(Records for the task):
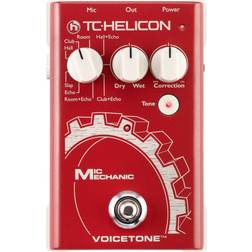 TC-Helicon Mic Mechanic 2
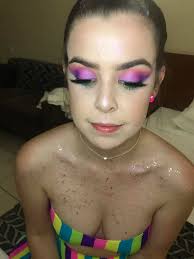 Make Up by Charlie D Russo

--

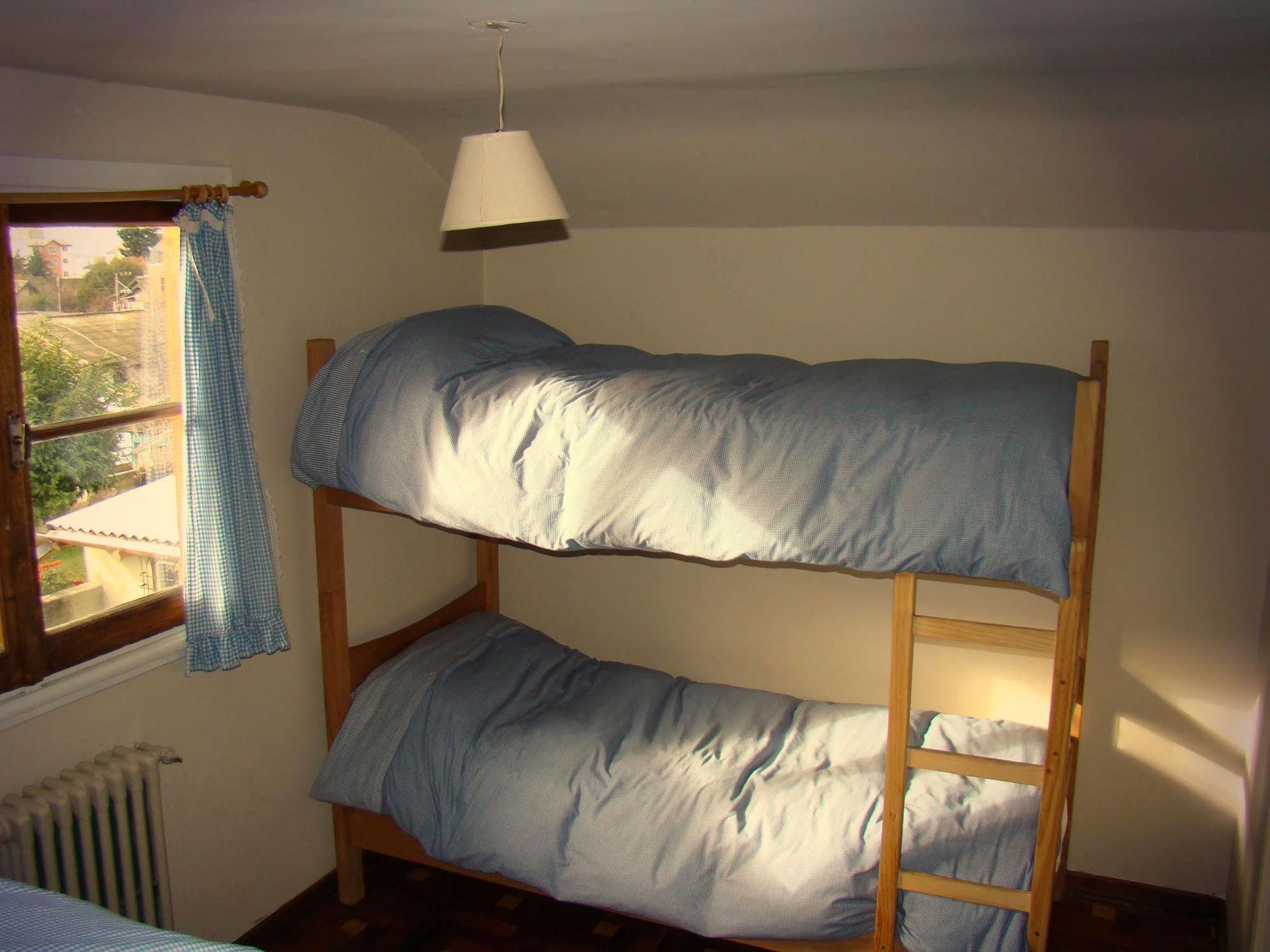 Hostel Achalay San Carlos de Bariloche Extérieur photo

(Problem to solve): Each line above starting at the one holding "TC-Helicon Mic Mechanic 2" and ending at the one holding "Make Up by Charlie D Russo" should be set down exactly as it stands, both ends included, with no pictures.

(Answer for the task):
 TC-Helicon Mic Mechanic 2
 Make Up by Charlie D Russo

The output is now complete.